Do you agree with Press Gazette’s suggestions for how the Editors’ Code needs to change? Have your say by 17 February

By Dominic Ponsford

As press owners and editors move ahead with plans to create a new "Leveson compliant" regulator in the coming weeks, ordinary journalists and members of the public have the chance to influence the Editors' Code that will underpin the work of the new body.

As recommended by Lord Leveson, the Editors' Code Committee has invited readers (for the first time) to contribute their suggestions for a new code. Thus far that public call has yet to be widely promoted – but publications will presumably put that message out in the coming weeks.
Code committee chairman Paul Dacre (pictured above) said before Christmas: "Lord Justice Leveson recognised in his report that the Editors’ Code was praised by witnesses to his Inquiry. He also recommended improvements – and the Committee is determined to meet this challenge as promptly and positively as possible."
The consultation closes on 17 February and proposals for changing the code should be sent by then to The Secretary, Editors' Code Committee, PO Box 235, Stonehouse GL10 3UF or by email to ianbeales@mac.com.
What exact form the review will take after that is not yet known.

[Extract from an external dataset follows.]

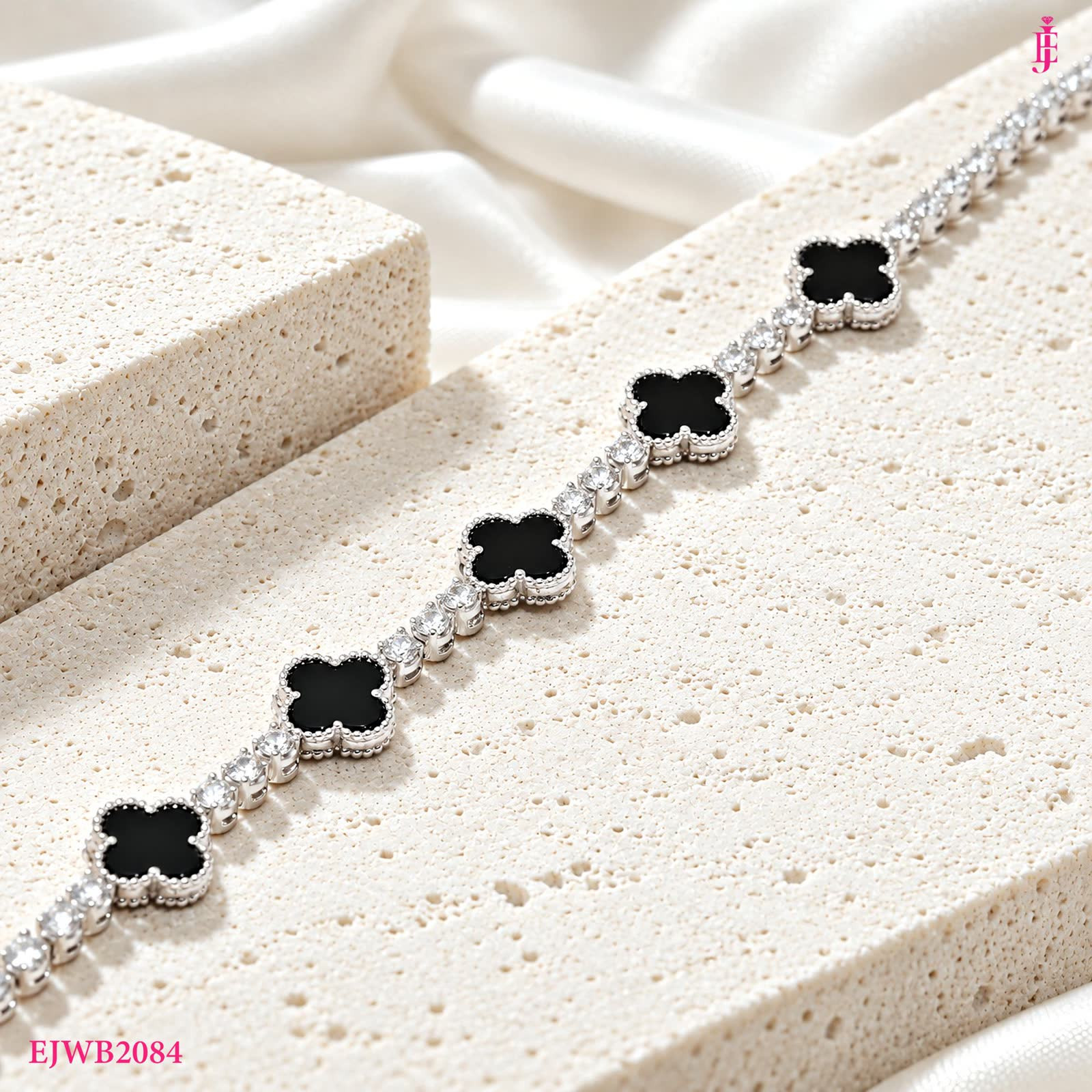 Black Onyx Four-Leaf Clover Bracelet in Sterling Silver - View 5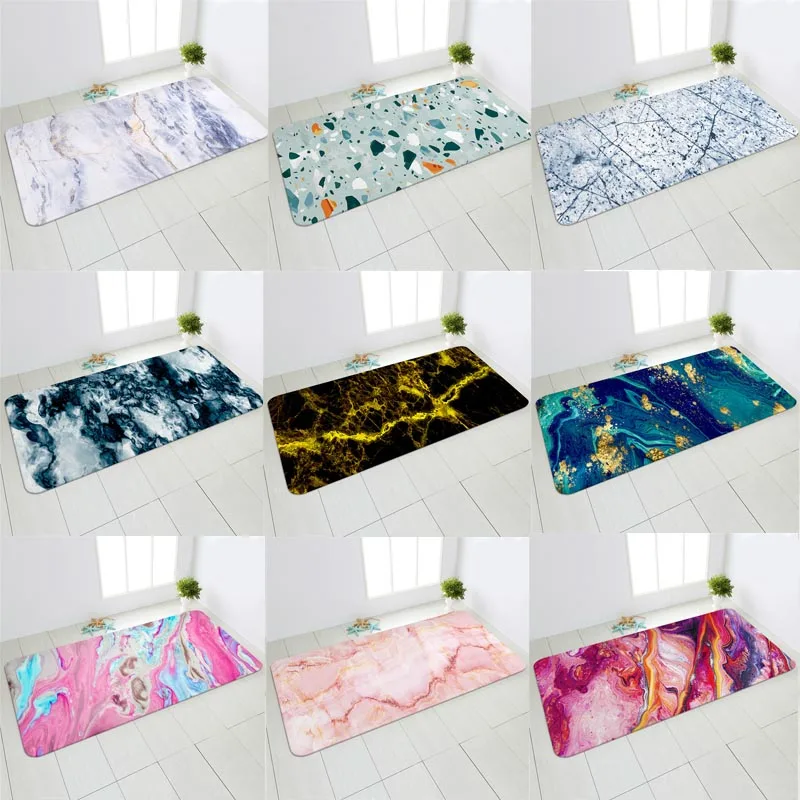 

Entrance Doormat Marble Pattern Kitchen Mat Bathroom Hallway Anti-Slip Carpet Home Bedroom Children Bedside Floor Decoration Rug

We do not know if responses will be published (they have not been in the past when the committee has carried out its annual reviews), or who exactly will decide on how (if at all) the code should be changed.
Currently the Code Committee comprises 15 editors. It has offered to change this composition in the light of Leveson to include five 'lay' members, two of which will be the chairman and director of the new press regulator.
But that offer would appear to fall short of the "Leveson compliant" press regulator which Lord Hunt tells us the industry has now unanimously agreed to create.
In his report, Leveson said that editors should play an "important" but not "decisive" role on the Code Committee, which would suggest he wants them to be in the minority.
Changes to the code may well have to wait until this particular question has been settled as the Committee may wish to have the new lay members on board before ratifying changes to the code.
Answers to this, and other outstanding questions, will be sought on 10 January when around 100 newspaper and magazine industry representatives meet to agree a "road map" to creating the new regulator.
The robustness of the Editors' Code is underlined by the fact that it came in for remarkably little criticism during the Leveson Inquiry. But here a few suggestions for how it could be improved, drawing from Press Gazette's Journalism Manifesto which we published last year:
Protection for whistleblowers:
The Editors' Code should become the Journalists' Code and it should be incumbent on all journalists – as well as all editors – to ensure that ethical boundaries are not crossed. This means that journalists who are pressured from above to break the code, without sufficient public interest defence, should have protection from disciplinary action if they blow the whistle to whatever body replaces the PCC.
A 'Hippocratic oath' for journalists:
At the heart of the new Journalists' Code should be a simple pledge, similar to the Hippocratic oath, which all journalists working for organisations covered by the new regulator must agree to sign up to. Something like this might focus the minds of journalists and editors better than a long code:
"I pledge to adhere to the Code and endeavour to produce journalism which is honest, accurate and fair."
Such a pledge could give ordinary journalists useful ammo in discussions with over-zealous news editors or editors who might want them to bend the rules.
Outlaw ad mentions in editorial:
It is not uncommon for advertisers to gain preferential mentions in editorial as a consequence of their commercial spend.
On the fringes of the consumer and B2B sectors there are whole magazines filled with 'news' articles and features which comprise paid-for advertorials masquerading as independent editorial.
It is not unheard of for journalists freelancing for respected national newspapers to be given lists of advertisers who need to appear in consumer round-up style pieces. The PCC has historically had nothing to say about this. The new Editors' Code needs to explicitly outlaw this practice and ensure that all paid-for content is appropriately labelled. Journalists should be given support in the code to resist inappropriate commercial pressure to change their work.
Action on copy approval:
This is difficult to outlaw but the new Editors' Code should strongly discourage it. The pernicious practice whereby celebs and their agents are given final sign-off on features and pictures is a betrayal of everyone who has ever fought and suffered for a free press in this country.
It is a highly contagious sickness because it means everyone has to drop their standards in order to attract interviews with the high-profile figures that readers demand. I think it is fair to say that there could be exceptions to this (such as in a story on a genunine matter of public interest when there is no alternative, and for interviews with the bereaved), but in these cases the fact that copy approval has been given should be stated in the story.
Declaration of freebies:
Where a journalists has been given free goods or services in order to write a piece this should be declared in the copy. This could include: restaurant reviews, travel articles and interviews where a PR has paid travel expenses.
Press Gazette will be emailing our suggestions to the Code Committee in due course, but first we would like to know if readers agree with our suggestions and whether you have any more.